[Records supplied — start]

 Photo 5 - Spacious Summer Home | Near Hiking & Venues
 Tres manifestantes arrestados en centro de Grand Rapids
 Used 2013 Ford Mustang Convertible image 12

[Records supplied — finish]
[Records supplied — start]

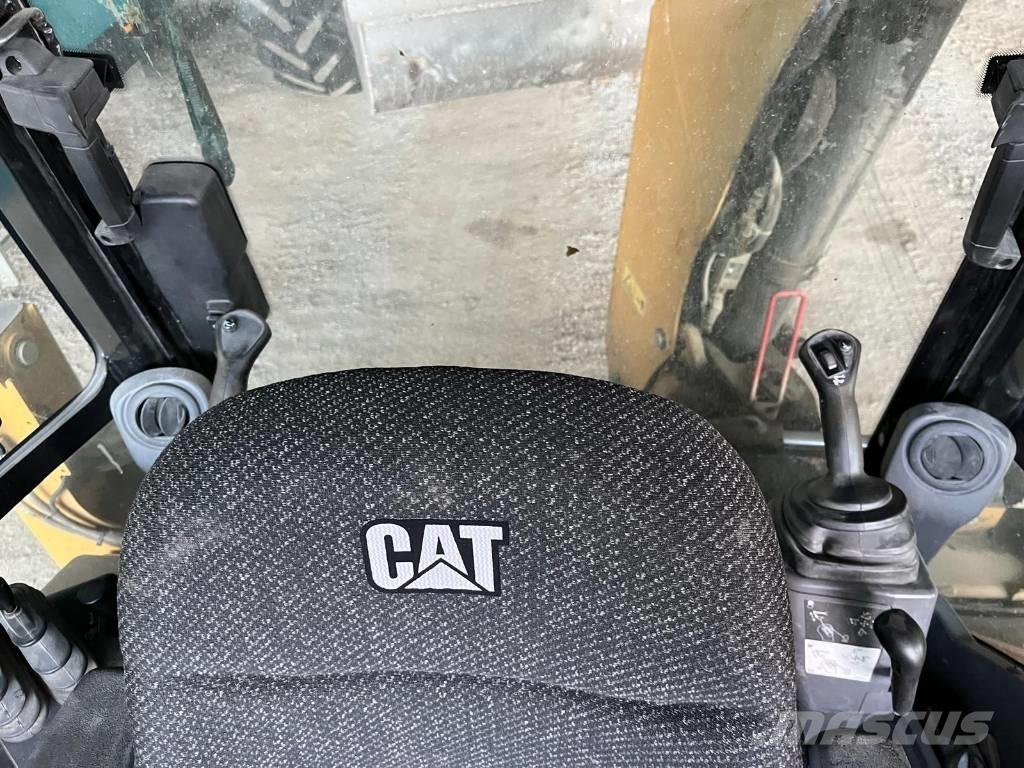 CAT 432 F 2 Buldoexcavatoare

[Records supplied — finish]

### Problem requirements
Give back, word for word, only the lines above from the line holding "Tres manifestantes arrestados" to the line holding "Used 2013 Ford Mustang Convertible image 12", both included.

### Reply
 Tres manifestantes arrestados en centro de Grand Rapids
 Used 2013 Ford Mustang Convertible image 12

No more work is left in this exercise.